As seen in FIG. 2 , the local device 1 receives the remote microphone signal from the remote microphone 4, and the digital processor in the local device aligns a sound that is captured in the remote microphone, e.g., certain speech, with the sound as it has been captured in the local microphone signal, in both time and strength. The two, so-adjusted microphone signals are then passed to the input channels, respectively, of a two channel noise suppressor, 2 chNS. The two channel noise suppressor estimates noise based on its two input channels, in contrast to a single channel noise suppressor which estimates noise based on its single input channel and provides an enhanced (noise reduced) version of the audio signal in its single input channel. The two channel noise suppressor may adjust gain on one channel relative to the other, switch between channels, combine channels, subtract noise detected on one channel from the other channel and/or vice versa, reduce gain when no speech is detected, and/or perform other forms of noise suppression based on commonality or differences between the two channels, frequency domain analysis of signals, etc. in order to produce a single, noise reduced output audio signal. In both cases, the output audio signal of the noise suppressor is then converted to sound through the speaker 7, and as a result the user is able to better hear the talker's speech.

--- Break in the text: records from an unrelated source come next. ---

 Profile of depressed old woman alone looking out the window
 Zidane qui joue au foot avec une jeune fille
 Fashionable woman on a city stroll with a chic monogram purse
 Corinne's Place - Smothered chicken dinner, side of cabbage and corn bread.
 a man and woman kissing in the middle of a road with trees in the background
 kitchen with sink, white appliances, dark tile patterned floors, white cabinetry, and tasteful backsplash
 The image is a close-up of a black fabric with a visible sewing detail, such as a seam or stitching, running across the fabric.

However, using the two channel noise suppressor in the local device to reduce ambient noise as described above works well only when the distance d between the remote microphone and the sound source 5 is much smaller than the distance D between the sound source 5 and the local microphone. Referring briefly back to FIG. 1 , the two channel noise suppressor is effective only when d is much smaller than D, d<<D. For example, if the threshold of the two channel noise suppressor to discriminate between signal and noise is set to 6 dB, when d increases to for example one half of D, the remote microphone 4 is no longer close enough to the sound source 5, resulting in the two channel noise suppressor to start attenuating (undesirably) the sound of the sound source 5 that has been picked up in the remote microphone signal (instead of letting it pass unattenuated, as desired.)
Moreover, in real usage scenarios of the remote listening system, the desired condition d<<<D is not always achieved or controllable by the user 2. In addition, the user 2 may not know or be aware that the two channel noise suppressor works better when the remote device 3 is much closer to the sound source than to the user 2 and the local device 1.

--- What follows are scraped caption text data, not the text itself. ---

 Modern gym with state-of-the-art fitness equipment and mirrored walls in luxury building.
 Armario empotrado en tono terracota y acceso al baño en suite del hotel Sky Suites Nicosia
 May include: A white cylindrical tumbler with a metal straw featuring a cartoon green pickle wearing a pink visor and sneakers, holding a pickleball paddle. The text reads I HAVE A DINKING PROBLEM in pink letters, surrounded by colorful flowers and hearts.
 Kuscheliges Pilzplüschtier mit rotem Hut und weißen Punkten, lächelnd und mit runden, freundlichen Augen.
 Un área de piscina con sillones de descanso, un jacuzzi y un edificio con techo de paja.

Accordingly, one aspect of the disclosure here is an automatic method of changing a noise suppressor mode of operation in a remote listening system, from a two channel noise suppressor to a one channel suppressor, when d which is the distance between the remote microphone 4 and a desired sound source 5 becomes greater than a threshold. The threshold may be, for example, one half of D which is the distance between the desired sound source 5 and the local microphone 6. The threshold represents the situation where the remote device is not placed sufficiently close to the sound source 5, or is too far away from the sound source 5 (e.g., because the talker moves away from the remote device 3, or someone who is holding the remote device 3 moves away from the talker or places it too far away from the talker.)
As in the example with the two channel noise suppressor having the threshold of 6 dB, when d increases to about one half of D, the processor automatically signals a change in how the output audio signal is produced, from using the two channel noise suppressor to using the single channel noise suppressor.
Still referring to FIG. 2 , the method begins with determining a difference between the strength of the remote microphone signal (obtained from the remote microphone 4) and the strength of the local microphone signal (obtained from the local microphone 6.) The strength of a digital audio signal may be estimated or computed by the processor as a power, for example on a frame by frame basis. The difference of the strengths in that case may be computed as a ratio of the power of the remote microphone signal to the power of the local microphone signal, within one or more audio frames (that may be overlapping in time.) Next, the comparison block determines whether or not the difference is greater than a threshold. If it is, then it provides a control signal to the 1 chNS/2 chNS block instructing the latter to apply the local and remote microphone signals to respective inputs of a two channel noise suppressor. The 1 chNS/2 chNS block at all times produces the (noise reduced) output audio signal that drives the speaker 7.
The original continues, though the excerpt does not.